I giggle, and we kiss again.

And just for tonight, all is right in my world.

It’s now Friday, and Julian is due home at any moment. He’s taken the afternoon off to come with me to the meeting at the school. I’m looking forward to what this teacher is going to say to us both. Hopefully it’s not as bad as I’m imagining.

I put some things away in Sammy’s room, and I walk down the hall and glance into Julian’s bedroom, frowning when I see something out of place.

There’s a book, upside down, left open on his bedside table. I walk in and pick it up.

When Children Grieve.

For adults, to help children deal with death.

My eyes instantly fill with tears and I sit on his bed with the book in my hand.

Sadness engulfs me. I wish a book like this never had to be written. I wish nobody ever needed it. How do you ever teach your children to live without their mother?

I sit for a moment with tears in my eyes.

They’ve been through so much. I imagine them at the funeral, and then at the wake. Willow would have been ten, Sammy only three. He probably doesn’t even remember her. I get a vision of them all dressed up, of Samuel in a little suit in his fathers’ arms. Julian would have had to organize the funeral.

Was she buried or cremated? Where is her grave?

Has the house been silent and sad ever since?

I hear his car come up the drive. I carefully place the book back on his bedside table and run down the stairs to meet him.

I want to tell him everything is going to be okay.

But she wasn’t my wife, I’m not grieving, and it’s not okay because she’s never coming back.
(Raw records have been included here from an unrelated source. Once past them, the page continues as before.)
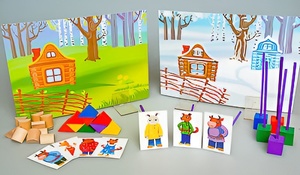 Игровой набор Фребеля "Заюшкина избушка" (серия "Сказочный мир". Выпуск 1) - fgospostavki.ru - Нижний Тагил
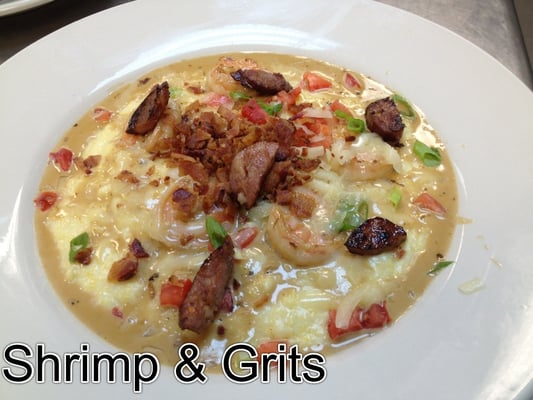 Shrimp & grits.   Best southern dish around.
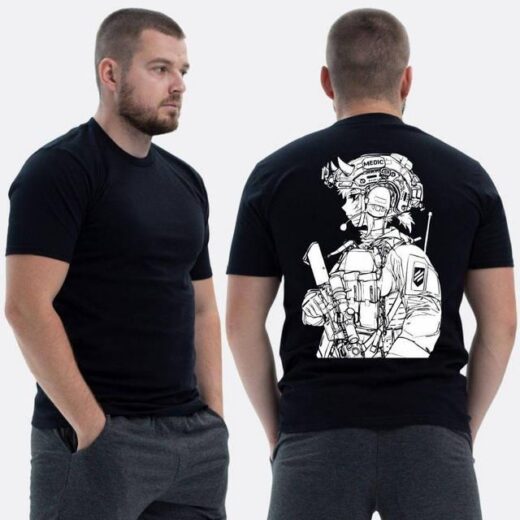 Футболка PrintBro ЗСУ з принтом Medic військовий медик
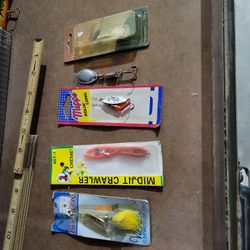 5 Fishing Lures New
For the first time, I can understand why he’s like the way he is, so closed off to the world and afraid to get too close to anyone ever again.

The door opens, and he appears in front of me, smiling warmly. He’s wearing a grey suit with a white tie, looking like everything but a man swallowed in grief.

“Hello, Miss Brielle.”

My heart skips a beat. I just want to throw my arms around his neck and hug him. “Hi,” I breathe.

“You ready to go?”

I nod, but I hesitate. This really isn’t any of my business.

“What?” he asks, sensing my need to say something.

“You’re doing a really good job.”

He frowns, waiting for me to expand.

“With the kids. You’re doing a really good job with the kids. You’re a great father.”

He smiles softly, offering his thank you in silence. “Let’s go.”